Recently I’ve been going through a lifetime of photos. I came across this one from my first stint as an English teacher in Cairo in the 1970s, and looked up the diary I kept then to find the story. This is pretty much word for word what it says:
From ‘Here be Dragons’ a Readers Digest article by someone called James Lipton
“Conscious abandonment of safe physical emotional and intellectual redoubts in favour of new paths where dragons may wait”
“The elemental exhilaration of fear which triggers biochemical changes in us making us suddenly intensely aware of our own existence”
20th May 1978
Eight o’clock in the morning we reached the Pyramids – Maud, Linda, Karen and I. The horse and camel stable staff had already been awake for hours. Nervously and clumsily I mounted my first-ever horse. As we followed the steep curved road up to the Pyramids, I felt all right when the horse was walking and pretty jolted when it started trotting and I was told to sit and stand alternately in the stirrups. I was invited to change to a smaller and quieter horse, called Itty. I revelled in sitting there, reins in one hand, as we walked past the Great Pyramid to the desert.
Between the Pyramids and Sahara City (a ‘desert experience’ restaurant) I first experienced that remarkable and exciting ‘change of gear’ from trotting to cantering. You feel the rhythmic roll of the hooves beneath you and the jolting stops. Trouble is, Itty was not at all interested in whether I wanted to go or stop. When Sultan, our guide, galloped back to the stable to get a blanket for his horse, Itty stood calm and self-possessed, waiting for Sultan, regardless of my verbal and physical exhortations. I watched the rest of my party canter into the distance as I sat helplessly waiting for Sultan’s return.
After a lemon juice at Sahara City, and my first experience of the John Wayne walk that afflicts first time riders, we set off again into a long, sandy stretch.
When we were cantering I noticed that Linda was no longer astride her horse but clinging to its side. For some reason when Itty noticed the same thing, she bolted towards Linda. Linda fell, narrowly escaping being trampled. Itty collided with Linda’s horse and I hit the sand at full speed – surprisingly gracefully I was later told. I was dragged along the soft sand, one foot in the stirrup, for a bit then abandoned, after which Itty decided it was no longer fun.
Itty stood by dispassionately and, recalling all the advice about facing your fears, I resolutely remounted. That is the advice isn’t it – get back in the saddle! She immediately bolted, changing from canter to gallop in two or three strides. I bellowed ‘Whoaaaa!’ and pulled the reins as best I could while still clinging to the saddle but to no effect. She charged on, outstripping all the others ( I think I heard a cheer from someone), heading on what seemed like a collision course for a sparse strip of palm trees. Fortunately, being a horse and not a motorbike, she swerved at the last minute to avoid it. After what seemed like an hour but was probably only a few seconds, she came to a stop.
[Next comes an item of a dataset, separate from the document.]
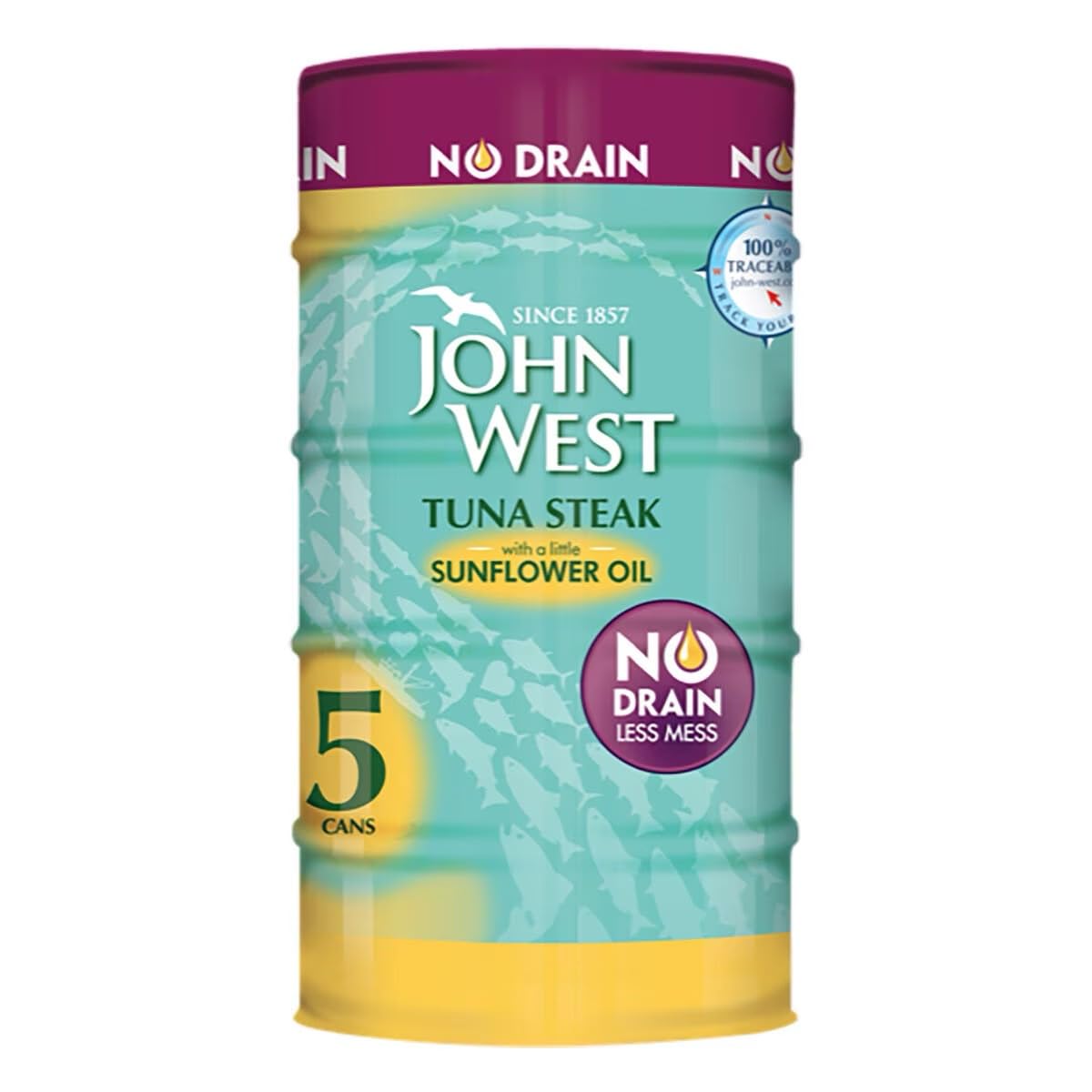 John West Tuna Steak in Sunflower Oil, No Drain, 5 x 110g Cans, High Protein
I don’t really remember my feelings, other than fear and excitement. The others were amazed that a first time rider had managed to stay on at that rate of gallop. I don’t know either, I just know ‘I’ was gone and there was nothing but a raw pair of hands clinging to the leather of the saddle.
So by experiencing them, I had overcome three fears – riding itself, falling off, and galloping. Because they all happened on my first ride, I can be more confident about the second ride. If I had fallen but not galloped or vice versa the fear of the other would have been a great obstacle.
What I’m not so sure I can handle today is the ache in every muscle in my body this morning. John Wayne walk yesterday was OK but the Cee Threepio walk today is just ridiculous.
Well, dear reader, I’d like to say that from that experience bloomed a lifetime of horsemanship. But no. I did try it a few times in the year following this but never quite got over the fear. I haven’t got myself on a horse since 1979!
1 thought on “Fear Is A Man’s Best Friend (horses, not so much)”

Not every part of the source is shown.